In 2020, Honolulu Star- Advertiser reporter Andrew Gomes wryly noted in a news article that the Windward side’s “Stairway to Heaven” steep mountain trail was as popular as it was controversial.
His report on a City Council hearing noted that there were “as many people as there are stairs — close to 3,800 testifiers compared with 3,922 steps during the public meeting, and the overwhelming sentiment was to maintain the more than 50-year-old metal stairway.”
The controversy is something of a festival of good intentions as Council members and the city administration just can’t stop feeling the pain of both nature lovers and complaining neighbors.
If a dilemma is defined as “a difficult choice made between two or more alternatives, especially equally undesirable ones,” keeping or closing the Haiku Stairs trail up to the now-abandoned military facility provides municipal political players with a classic problem.

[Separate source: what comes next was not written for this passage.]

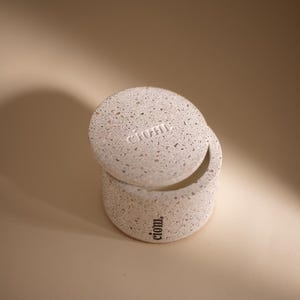 Handgemaakte betonnen pot met deksel | Knetterende houten lont | Handgegoten 100% sojakaars | Betonnen kaars| Beton | Kaarscadeaus | Woondecoraties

Former Mayor Kirk Caldwell came up with a plan for the Board of Water Supply, which at the time was in charge of the steep path complete with metal steps and guardrails, to preserve and maintain the facility.
More than 3,600 testified in support of keeping the stairs. The other side of the story, however, is that the hikers are also trespassing and going into dangerous, off-limits government areas, and through Kaneohe backyards and private property to reach the trail.

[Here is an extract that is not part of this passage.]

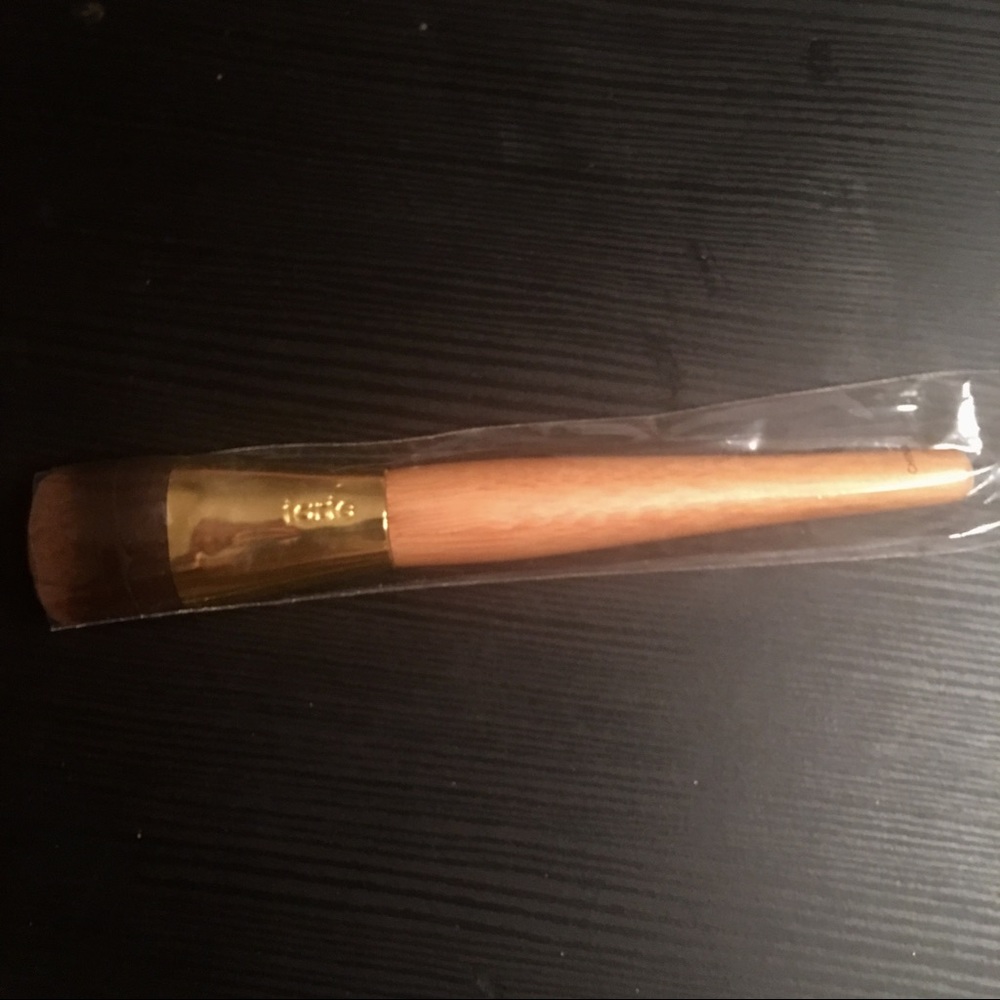 Tarte Bamboo Foundation Brush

That plan didn’t hold — and last week Rick Blangiardi, the current mayor, doubled down on his decision to remove the metal access to the top of the Koolau peak.
“First and foremost this was a decision that when we came into office that we knew was hanging out there,” Blangiardi said at a Wednesday news conference, adding, “This decision was long overdue to be made.”
The problem isn’t that it was long coming; the sticky point is that firm decisions made today have a way of becoming unresolved controversies as the other side sounded off in opposition. Many hikers know they are trespassing and have learned to avoid posted guards and even the sometimes posted police.
Hoping for a final, final decision was City Council Vice Chair Esther Kia‘aina. She represents the Council district included in the Haiku Stairs controversy and agrees, according to reports, that the time to remove the Haiku Stairs was at hand.
“As the mayor said, this was a very difficult, difficult decision. It is not a day of celebration. But I have to tell you it is a day that I welcome because it is a closure of an issue that has been kicked down the road for decades, and as far as I’m concerned we have collectively made a decision for the good of the community,” Kia‘aina said.
Still, a decision today sometimes becomes tomorrow’s revision.
Haiku Stairs, a pathway to heaven or a devil of a dilemma, is on a tall mountain with a popular trail reaching 2,000 feet into the clouds and an illegal hike. It is also one without real penalties for trespassing — all hikers have to do to hike is lace up their boots, no matter what the mayor says.